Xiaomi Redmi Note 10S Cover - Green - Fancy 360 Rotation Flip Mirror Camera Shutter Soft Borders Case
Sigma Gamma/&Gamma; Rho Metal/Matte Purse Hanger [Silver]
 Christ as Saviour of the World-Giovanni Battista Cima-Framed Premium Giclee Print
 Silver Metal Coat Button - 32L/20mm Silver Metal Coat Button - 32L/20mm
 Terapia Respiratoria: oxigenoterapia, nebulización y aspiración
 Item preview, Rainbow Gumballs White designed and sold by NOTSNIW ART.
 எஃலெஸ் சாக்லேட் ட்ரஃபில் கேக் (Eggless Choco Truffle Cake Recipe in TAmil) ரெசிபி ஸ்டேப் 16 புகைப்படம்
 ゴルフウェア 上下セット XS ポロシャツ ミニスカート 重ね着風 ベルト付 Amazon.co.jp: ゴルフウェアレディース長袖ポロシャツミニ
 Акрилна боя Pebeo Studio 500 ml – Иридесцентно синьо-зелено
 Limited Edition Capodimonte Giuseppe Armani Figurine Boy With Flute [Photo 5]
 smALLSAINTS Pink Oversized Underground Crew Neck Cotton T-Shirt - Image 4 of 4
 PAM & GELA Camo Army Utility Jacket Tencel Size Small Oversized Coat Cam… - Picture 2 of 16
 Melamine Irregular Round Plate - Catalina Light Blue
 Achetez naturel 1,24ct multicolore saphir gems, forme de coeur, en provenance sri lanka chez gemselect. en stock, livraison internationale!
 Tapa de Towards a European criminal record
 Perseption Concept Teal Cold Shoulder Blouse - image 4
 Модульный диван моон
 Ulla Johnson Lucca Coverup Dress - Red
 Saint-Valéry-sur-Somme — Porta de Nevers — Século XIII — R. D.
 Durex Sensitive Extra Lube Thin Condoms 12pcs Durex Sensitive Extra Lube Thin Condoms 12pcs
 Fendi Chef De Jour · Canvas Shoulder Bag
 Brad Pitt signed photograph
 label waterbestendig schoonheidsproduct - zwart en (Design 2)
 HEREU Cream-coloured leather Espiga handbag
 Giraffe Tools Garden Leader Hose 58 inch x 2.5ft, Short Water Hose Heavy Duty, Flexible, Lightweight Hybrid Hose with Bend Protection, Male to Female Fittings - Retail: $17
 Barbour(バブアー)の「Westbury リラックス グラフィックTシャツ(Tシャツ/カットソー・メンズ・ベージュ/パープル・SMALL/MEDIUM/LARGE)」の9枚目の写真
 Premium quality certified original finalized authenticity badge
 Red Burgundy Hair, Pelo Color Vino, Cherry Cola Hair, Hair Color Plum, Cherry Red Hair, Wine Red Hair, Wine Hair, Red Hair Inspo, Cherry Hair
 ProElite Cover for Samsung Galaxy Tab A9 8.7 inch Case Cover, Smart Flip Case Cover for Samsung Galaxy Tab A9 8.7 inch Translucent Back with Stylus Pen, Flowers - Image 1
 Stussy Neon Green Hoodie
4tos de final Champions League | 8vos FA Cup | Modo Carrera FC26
--------------------------------
Task directions
The entries above hold a line with "PAM & GELA Camo" and a later line with "Tapa de Towards a European criminal record". Write out exactly those lines and all lines between, nothing more.

Answer to the problem
 PAM & GELA Camo Army Utility Jacket Tencel Size Small Oversized Coat Cam… - Picture 2 of 16
 Melamine Irregular Round Plate - Catalina Light Blue
 Achetez naturel 1,24ct multicolore saphir gems, forme de coeur, en provenance sri lanka chez gemselect. en stock, livraison internationale!
 Tapa de Towards a European criminal record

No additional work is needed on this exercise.